Un autre vertigineux bond en avant. L’image s’est tordue et contorsionnée jusqu’à ce que l’avion applique des algorithmes de correction.

J’ai étouffé un cri de surprise. L’Arc était non seulement imparfait, mais traversé de fissures. Avec des brèches aux endroits d’où s’étaient détachés d’énormes morceaux.

C’était cela qui tombait du ciel : des fragments de l’Arc gros comme de petites îles, certains à une vitesse tout juste inférieure à celle de révolution orbitale, qui brûlaient en pénétrant dans l’atmosphère et dépensaient leur énorme énergie cinétique dans les océans morts de la Terre ou sur ses continents sans vie.

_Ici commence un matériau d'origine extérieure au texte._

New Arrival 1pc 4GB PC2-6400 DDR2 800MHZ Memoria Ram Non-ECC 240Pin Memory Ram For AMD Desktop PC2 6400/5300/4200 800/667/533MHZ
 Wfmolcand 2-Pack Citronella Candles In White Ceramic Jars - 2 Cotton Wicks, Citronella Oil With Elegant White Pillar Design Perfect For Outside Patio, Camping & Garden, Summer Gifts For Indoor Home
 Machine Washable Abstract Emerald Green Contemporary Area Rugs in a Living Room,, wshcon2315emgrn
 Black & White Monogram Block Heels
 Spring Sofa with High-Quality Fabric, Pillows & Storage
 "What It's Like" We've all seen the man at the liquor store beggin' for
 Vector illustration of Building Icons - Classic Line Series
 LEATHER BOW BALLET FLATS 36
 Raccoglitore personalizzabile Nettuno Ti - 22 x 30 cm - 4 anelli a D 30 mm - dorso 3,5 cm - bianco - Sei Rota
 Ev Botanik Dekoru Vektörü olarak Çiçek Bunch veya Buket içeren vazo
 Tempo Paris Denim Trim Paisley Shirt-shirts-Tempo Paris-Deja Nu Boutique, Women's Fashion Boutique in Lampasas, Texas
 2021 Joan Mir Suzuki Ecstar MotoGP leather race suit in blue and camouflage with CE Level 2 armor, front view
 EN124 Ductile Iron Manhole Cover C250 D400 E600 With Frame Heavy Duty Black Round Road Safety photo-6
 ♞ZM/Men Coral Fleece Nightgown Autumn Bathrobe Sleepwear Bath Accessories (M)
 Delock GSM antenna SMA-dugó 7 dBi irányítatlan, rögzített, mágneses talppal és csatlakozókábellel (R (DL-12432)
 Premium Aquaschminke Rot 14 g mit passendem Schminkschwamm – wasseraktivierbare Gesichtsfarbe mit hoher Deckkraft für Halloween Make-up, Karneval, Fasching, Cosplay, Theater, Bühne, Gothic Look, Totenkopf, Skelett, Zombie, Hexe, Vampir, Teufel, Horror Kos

Cela n’aurait jamais dû se produire. Mais nous l’avons vu se produire une nouvelle fois sous nos yeux. Une fissure noire s’est élargie, allongée, en a croisé une autre, et soudain un morceau de l’Arc s’est détaché. Il se déplaçait avec la grâce éléphantesque de sa propre inertie et j’ai estimé qu’il décrirait encore deux ou trois orbites autour de la Terre avant de finir par tomber et s’embraser dans l’atmosphère.

J’ai regardé Turk, qui m’a regardée. Nous n’avions pas besoin de dire quoi que ce soit. Lui et moi savions ce que cela signifiait : que la porte d’accès à Équatoria était définitivement fermée. Que notre plan avait échoué. Que nous n’avions nulle part où aller.